Por entonces los casi 100.000 judíos que vivían en Jerusalén llevaban meses sitiados al estar cortada la carretera de la costa por fuerzas árabes. La Ciudad Vieja de Jerusalén fue ocupada el 28 de mayo por la Legión Árabe jordana, que inmediatamente expulsó de sus casas a los 2.000 habitantes del barrio judío y voló dos días después una sinagoga del siglo XVIII. El final de la Guerra Árabe Israelí de 1948, o Guerra de Independencia como se denomina en Israel, dejó la ciudad dividida y la partición propuesta por la ONU en suspenso.
Un obstáculo para los acuerdos de paz
La situación no cambió hasta la Guerra de los Seis Días en junio de 1967, cuando Israel con la conquista de Jerusalén Este en menos de 48 horas. Allí descubrieron que durante su ocupación los jordanos habían demolido y desecrado numerosos hogares y lugares de culto en el Barrio Judío de la Ciudad Vieja. Israel, por su parte, demolió inmediatamente el antiguo Barrio Marroquí para despejar la explanada bajo el Muro de las Lamentaciones, que quedó adscrita al Barrio Judío. No sería el único cambio: miles de musulmanes y cristianos fueron expulsados de sus casas y se prohibió vivir en esa zona a los no judíos.

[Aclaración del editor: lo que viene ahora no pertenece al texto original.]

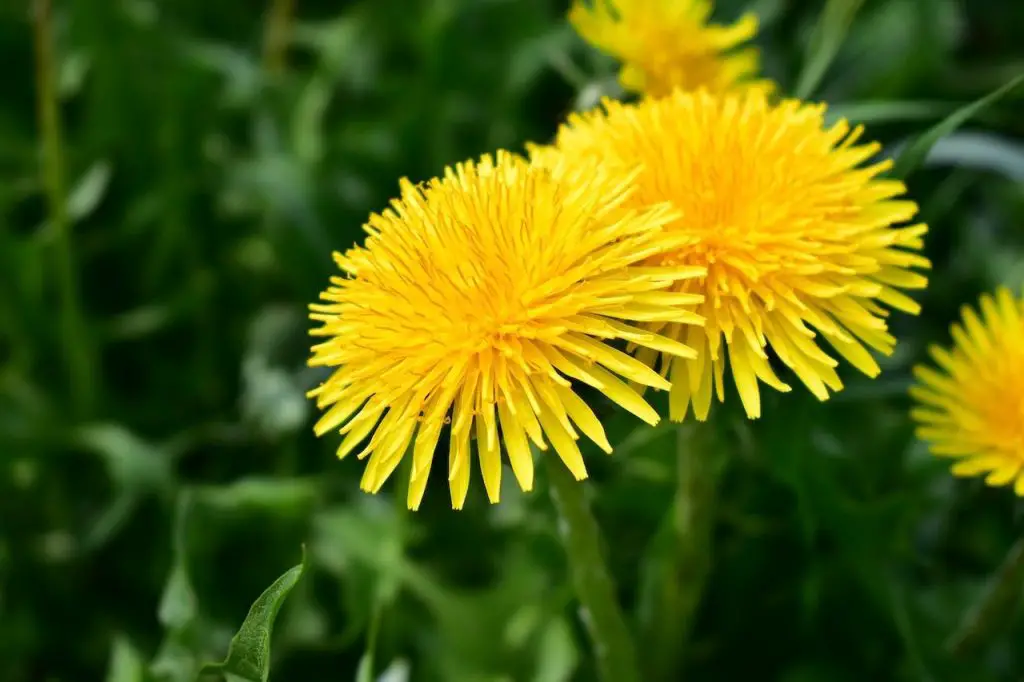 8  Weeds  You Should Never Pull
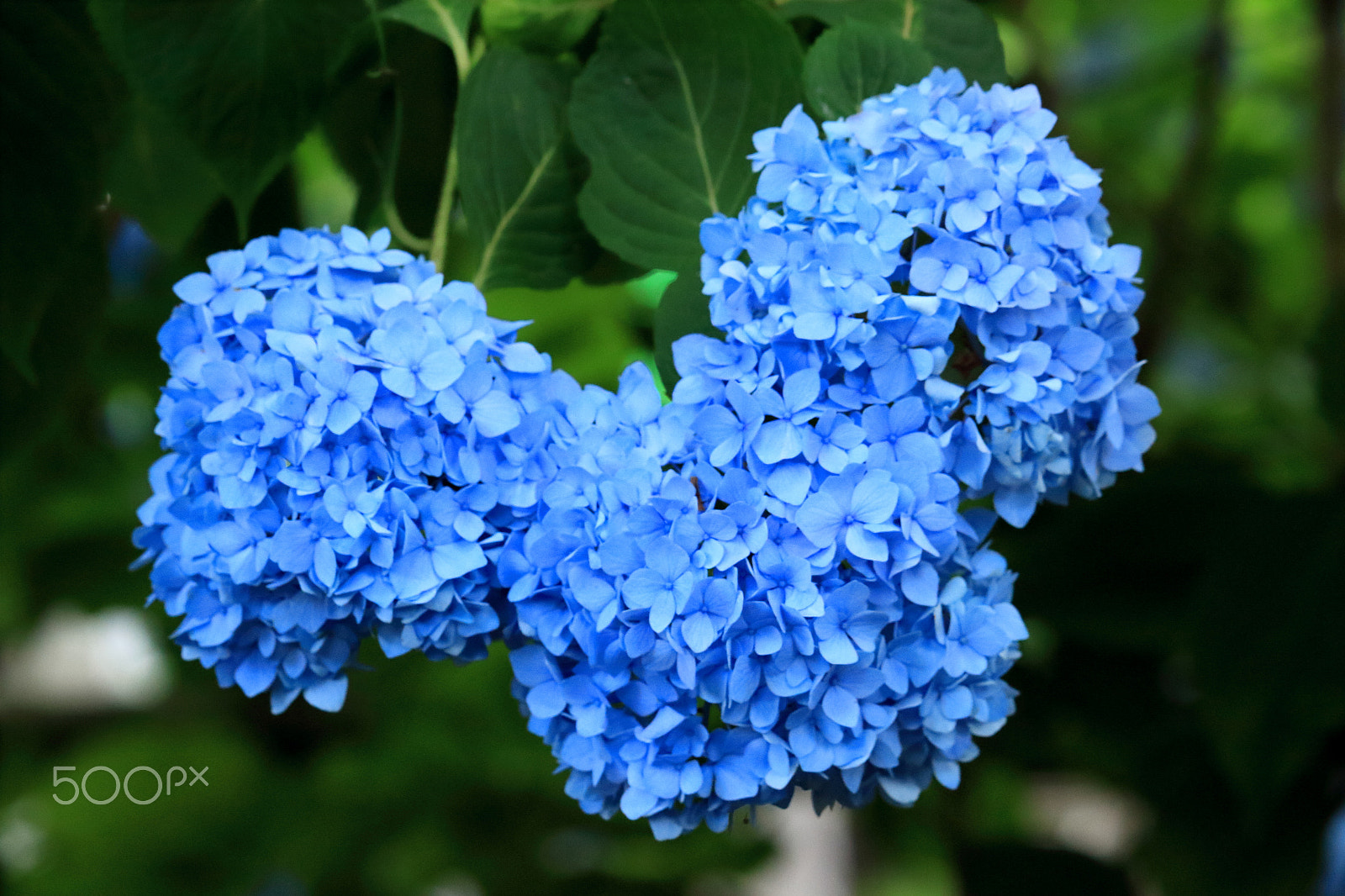 Canon EOS 100D (EOS Rebel SL1 / EOS Kiss X7) sample photo. Mickey photography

Desde entonces el estatus de Jerusalén es uno de los principales obstáculos a cualquier acuerdo de paz árabe-israelí. En el año 2000 durante los segundos encuentros de Camp David el primer ministro israelí Ehud Barak ofreció a los palestinos representados por Yaser Arafat que la capital de su nuevo estado fueran los barrios árabes de Jerusalén Este, en especial Abu Dis, rebautizado Al Quds (el nombre árabe de la ciudad). A cambio los palestinos tendrían que ceder el Monte del Templo, aunque mantendrían su gestión religiosa, y un 9% de territorio cisjordano.
El acuerdo fue rechazado y desde entonces la postura negociadora israelí se ha endurecido debido al aumento del poder de partidos ultrarreligiosos y del movimiento colono que pide la anexión de lo que ellos llaman Judea y Samaria y la creación del Gran Israel.
La situación actual es favorable a Israel. Egipto tiene un gobierno que apoya los acuerdos de paz mientras que Siria se haya envuelta en una guerra civil muy destructiva que la aleja como amenaza. Los palestinos están divididos entre la Autoridad Nacional Palestina y la Franja de Gaza, gobernada por Hamás, aunque últimamente parece haber cierta tendencia a la reunificación. Jordania tiene buenas relaciones con Israel e Irak está demasiado ocupado con sus propios problemas internos.
El principal rival a temer para el Estado judío sería Irán, enfrentado con Arabia Saudí y las monarquías del Golfo hasta tal punto que ha habido muestras de cierto acercamiento entre Riad e Israel. Las relaciones con Turquía, que fueron buenas hace años y cayeron tras el ataque a la flotilla de Gaza, parecen estarse encarrilando. A pesar de las dinámicas internas Israel es ahora más fuerte que nunca frente a los palestinos.
Por eso sorprende y descoloca la decisión del presidente Trump de reconocer Jerusalén como capital de Israel y su voluntad de cimentar este reconocimiento llevando allí la embajada estadounidense. Israel proclamó la ciudad como su capital en 1949, lo que es contrario a la resolución de la ONU de 1947, y lo cimentó con la Ley de Jerusalén de 1980; como consecuencia la ONU ordenó en una resolución a todos los países que desplazaran sus embajadas a Tel Aviv. Pero el rechazo de esta resolución también implica el potencial rechazo de la solución de los dos estados, lo que algunos sectores en Israel interpretan como un apoyo al Gran Israel.
Al mismo tiempo, el gobierno EEUU deja de ser un mediador neutral con este gesto y se coloca decisivamente en uno de los lados del conflicto. La medida hace temer que de nuevo, como desde hace milenios, la región vuelva a verse envuelta en un baño de sangre. Una realidad terrible sin fin a la vista.